WHAT IS EXPECTED. Word for word, restate the records that come next, omitting the images.

Stored items from a collection:

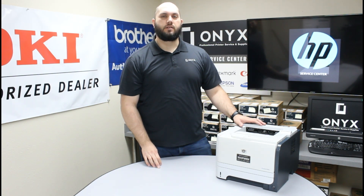If you have any questions or concerns, please feel free to reach out to Onyx — we'd love to help answer them for you. If there's any way we can help with any of your printer or office supply needs, please feel free to reach out. We hope you have a great day and you're back up and printing.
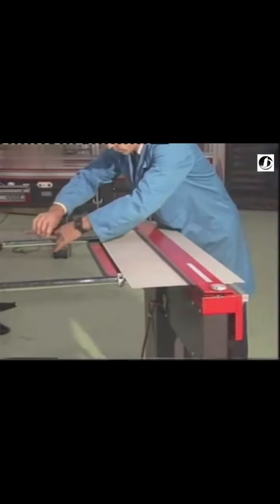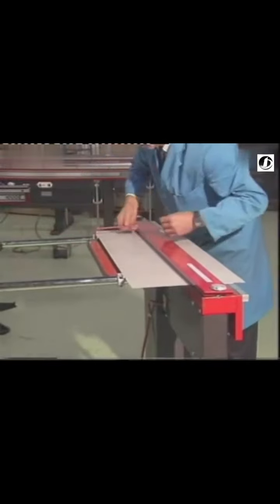When a large number of bends have to be made all the same distance from the edge of the workpiece, it's very useful to set the backstops. Like the angle stop, these backstops are clamped in position using the Allen key.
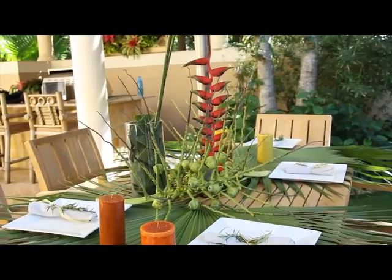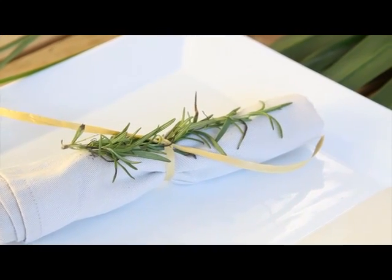Another way to make this more personal is by using some herbs around your napkin. It'll give it a great scent, and it'll also decorate your plate quite lovely.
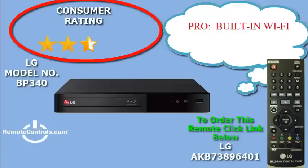Welcome and thanks for joining us for a review of LG's BP340 Blu-ray with built-in Wi-Fi. The LG BP340 with built-in Wi-Fi lets you easily access streamed content directly to your TV.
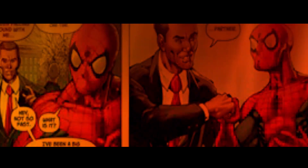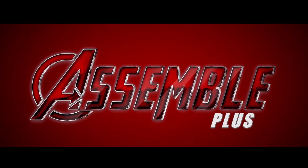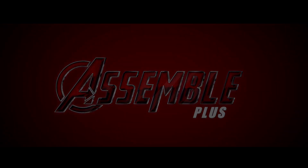Welcome back to another episode of Assemble. My name is Jonathan and today we have two books to talk about: the first one being Carnage: Black, White and Blood, and the next one is Aliens number one. Both had just come out yesterday. Interestingly enough, I'm not really interested in either of the two characters — the xenomorph or Carnage — but I figured what better way to kickstart this weekly comic review than to pick two series I'm not that interested in, and maybe they can help turn my thoughts around.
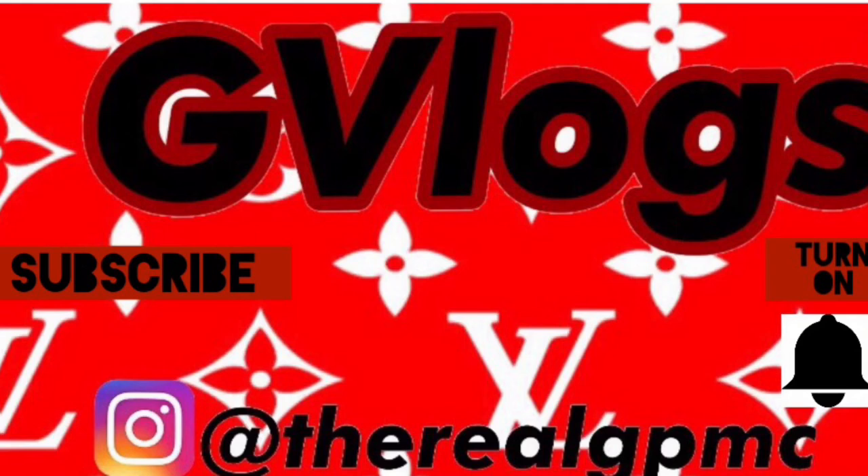Anyways, that's the end of the video. Make sure you subscribe, turn on that notification bell, like this video, share it with your friends, and I'll see you vloggers next time. Another day, another smile that you can share and give. Bye.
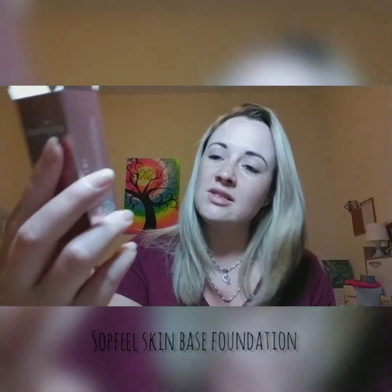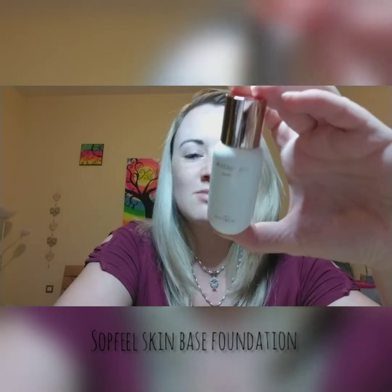I got myself the foundation skin base — this is the first product I'm testing from them. It comes in this little 50ml bottle, quite cute. Apparently this foundation is like a normal cream, but as soon as you apply it on your skin it should blend in with your skin tone. I'm doing this video to see how it works, so you guys will be the first to see it, same as me — I have not tested it before.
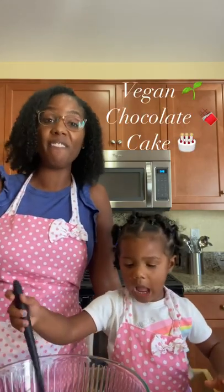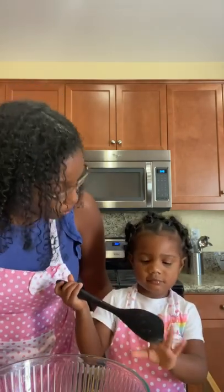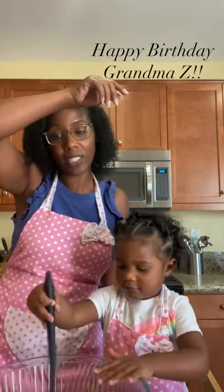Hi everyone, it's Mommy and Mouse and today we're going to be making a vegan chocolate cake. Say hi! Do you like chocolate? Do you like cake? And do you like grandma? We're making a very special chocolate cake.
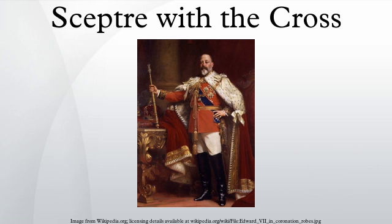The Cullinan I can be removed from the sceptre to be worn as a brooch. The Cullinan diamond was the largest diamond ever found in the world, at 3,106.75 carats. It was cut into nine different pieces, and Cullinan I was the largest among them.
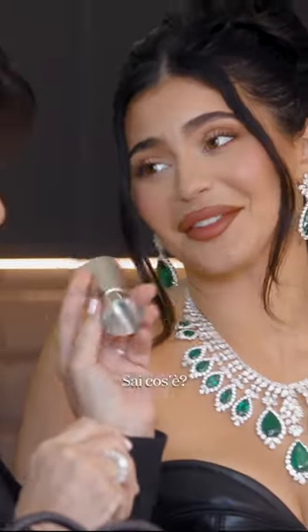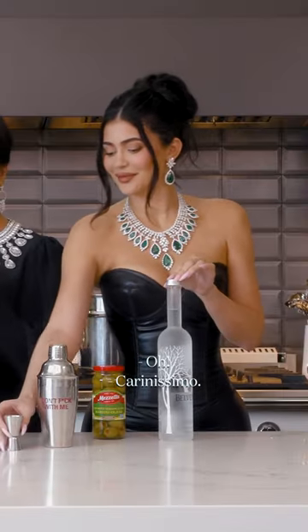Do you know what this is? It's a little shot measurer — so cute. And a mixer, a strainer, the perfect martini glass.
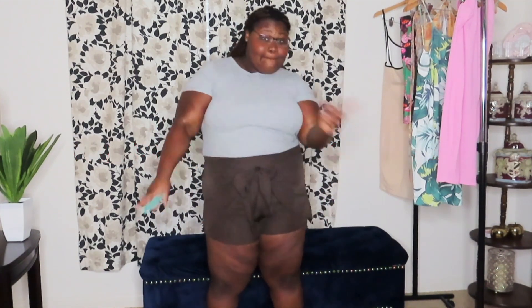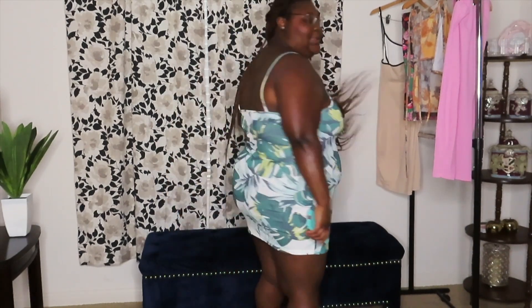The next item is called the Plus Sleeve Print Cami Bodycon Dress, in the 2X of course. For reference, everything I got is 2X and it's supposed to be a size 16, which is what I really am. I think it's simple, I think it's cute. Don't forget to rate me in the comments — tell me your favorite item and give each dress a number. This is the back — super simple, super cute, like a quick little 'run on the road' dress. It's giving an eight!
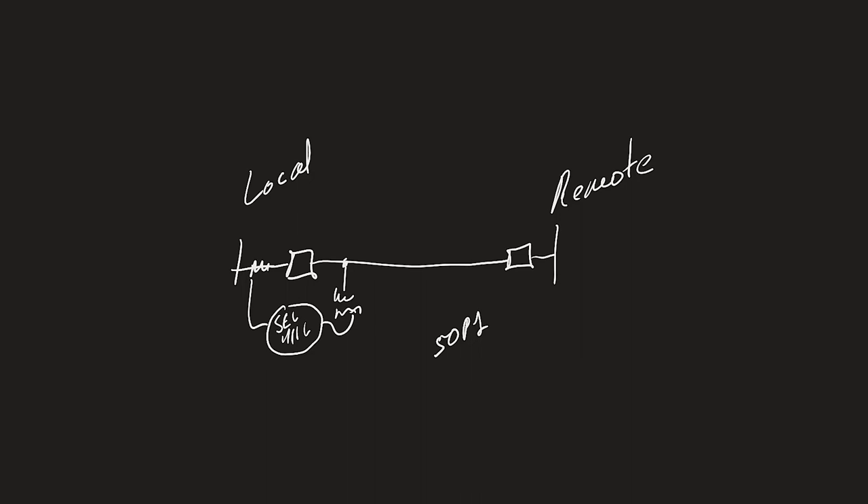The line charging current is typically much lower than the available fault current, so setting the 50P1 element is usually not a problem. However, line charging current can be somewhat high for very high voltage transmission lines — in the range of 230, 500, or 765 kV — especially the longer they are, since more capacitance means higher charging current. This might become an issue above 345 kV with very long lines, but for shorter lines even at 765 kV it's typically not a problem. Just something to consider.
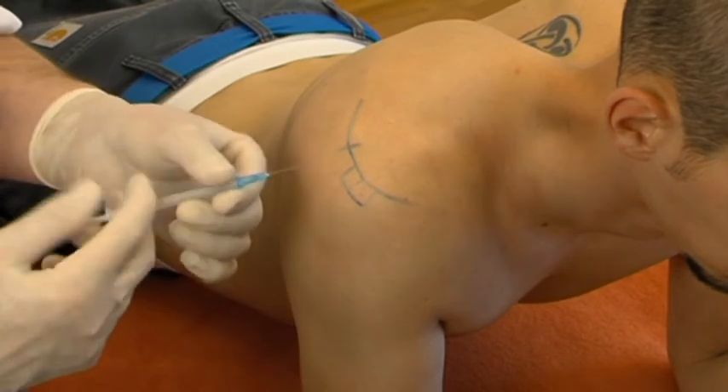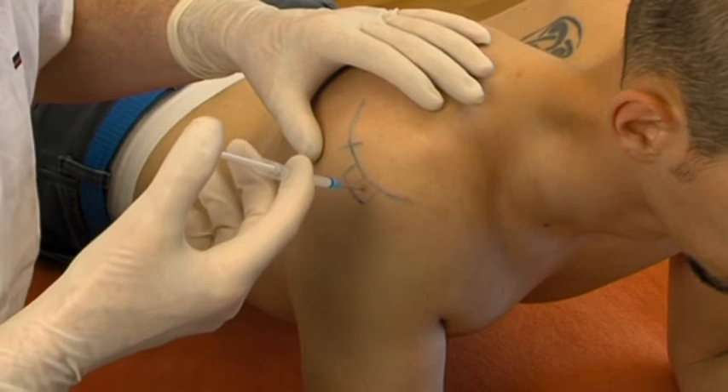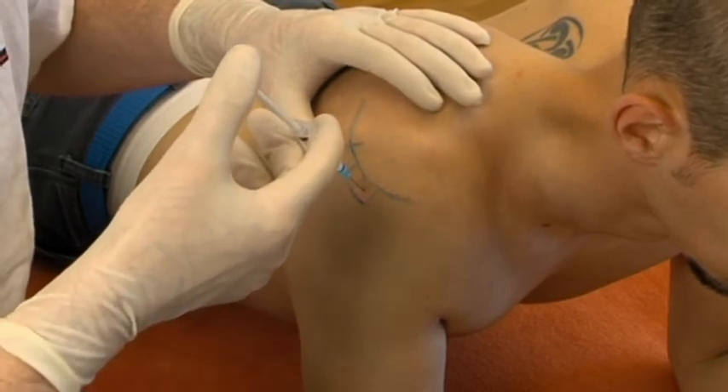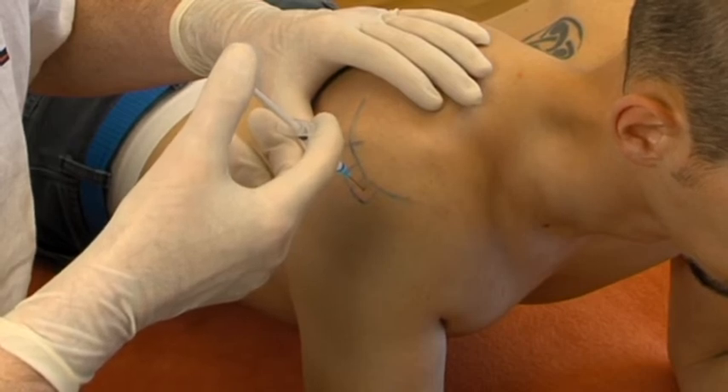The needle is inserted in the middle of the spot, vertically downwards, aiming at the tenoperiostal insertion, which is reached after passing through soft tissue for about 2 cm. Just before touching the bone, the tougher resistance is felt.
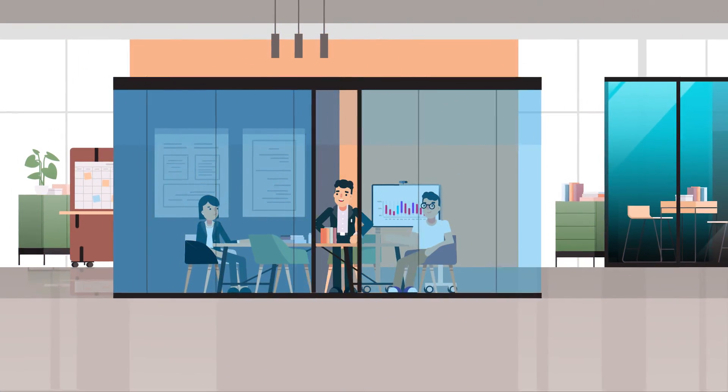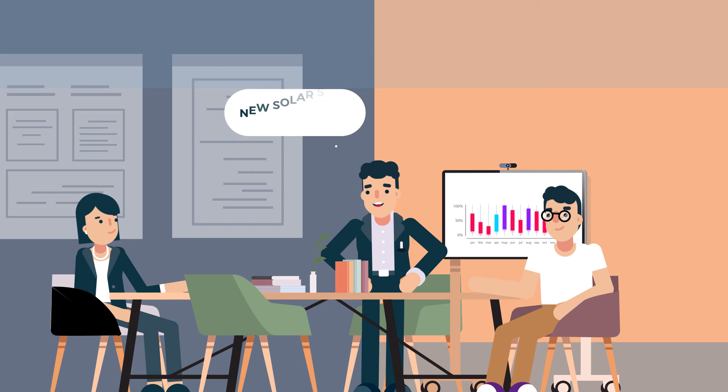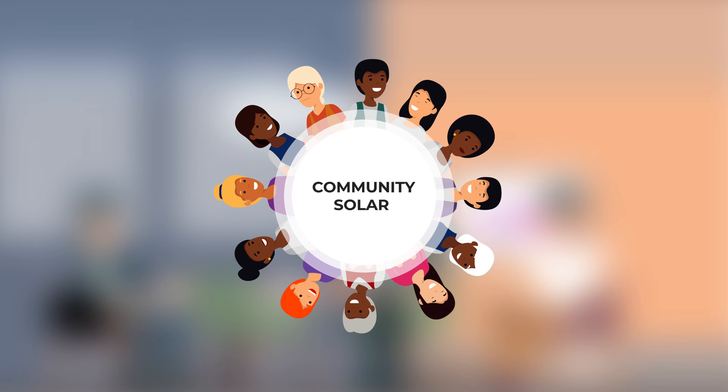Community solar projects are usually owned by utilities, and in some states, such as Hawaii and California, utilities are obligated to develop community solar. Community solar allows everyone to benefit from solar energy, regardless of whether they can install a residential rooftop array on their own home.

RESULT OF THIS TASK.
If you have any questions or concerns, please feel free to reach out to Onyx — we'd love to help answer them for you. If there's any way we can help with any of your printer or office supply needs, please feel free to reach out. We hope you have a great day and you're back up and printing.
When a large number of bends have to be made all the same distance from the edge of the workpiece, it's very useful to set the backstops. Like the angle stop, these backstops are clamped in position using the Allen key.
Another way to make this more personal is by using some herbs around your napkin. It'll give it a great scent, and it'll also decorate your plate quite lovely.
Welcome and thanks for joining us for a review of LG's BP340 Blu-ray with built-in Wi-Fi. The LG BP340 with built-in Wi-Fi lets you easily access streamed content directly to your TV.
Welcome back to another episode of Assemble. My name is Jonathan and today we have two books to talk about: the first one being Carnage: Black, White and Blood, and the next one is Aliens number one. Both had just come out yesterday. Interestingly enough, I'm not really interested in either of the two characters — the xenomorph or Carnage — but I figured what better way to kickstart this weekly comic review than to pick two series I'm not that interested in, and maybe they can help turn my thoughts around.
Anyways, that's the end of the video. Make sure you subscribe, turn on that notification bell, like this video, share it with your friends, and I'll see you vloggers next time. Another day, another smile that you can share and give. Bye.
I got myself the foundation skin base — this is the first product I'm testing from them. It comes in this little 50ml bottle, quite cute. Apparently this foundation is like a normal cream, but as soon as you apply it on your skin it should blend in with your skin tone. I'm doing this video to see how it works, so you guys will be the first to see it, same as me — I have not tested it before.
Hi everyone, it's Mommy and Mouse and today we're going to be making a vegan chocolate cake. Say hi! Do you like chocolate? Do you like cake? And do you like grandma? We're making a very special chocolate cake.
The Cullinan I can be removed from the sceptre to be worn as a brooch. The Cullinan diamond was the largest diamond ever found in the world, at 3,106.75 carats. It was cut into nine different pieces, and Cullinan I was the largest among them.
Do you know what this is? It's a little shot measurer — so cute. And a mixer, a strainer, the perfect martini glass.
The next item is called the Plus Sleeve Print Cami Bodycon Dress, in the 2X of course. For reference, everything I got is 2X and it's supposed to be a size 16, which is what I really am. I think it's simple, I think it's cute. Don't forget to rate me in the comments — tell me your favorite item and give each dress a number. This is the back — super simple, super cute, like a quick little 'run on the road' dress. It's giving an eight!
The line charging current is typically much lower than the available fault current, so setting the 50P1 element is usually not a problem. However, line charging current can be somewhat high for very high voltage transmission lines — in the range of 230, 500, or 765 kV — especially the longer they are, since more capacitance means higher charging current. This might become an issue above 345 kV with very long lines, but for shorter lines even at 765 kV it's typically not a problem. Just something to consider.
The needle is inserted in the middle of the spot, vertically downwards, aiming at the tenoperiostal insertion, which is reached after passing through soft tissue for about 2 cm. Just before touching the bone, the tougher resistance is felt.
Community solar projects are usually owned by utilities, and in some states, such as Hawaii and California, utilities are obligated to develop community solar. Community solar allows everyone to benefit from solar energy, regardless of whether they can install a residential rooftop array on their own home.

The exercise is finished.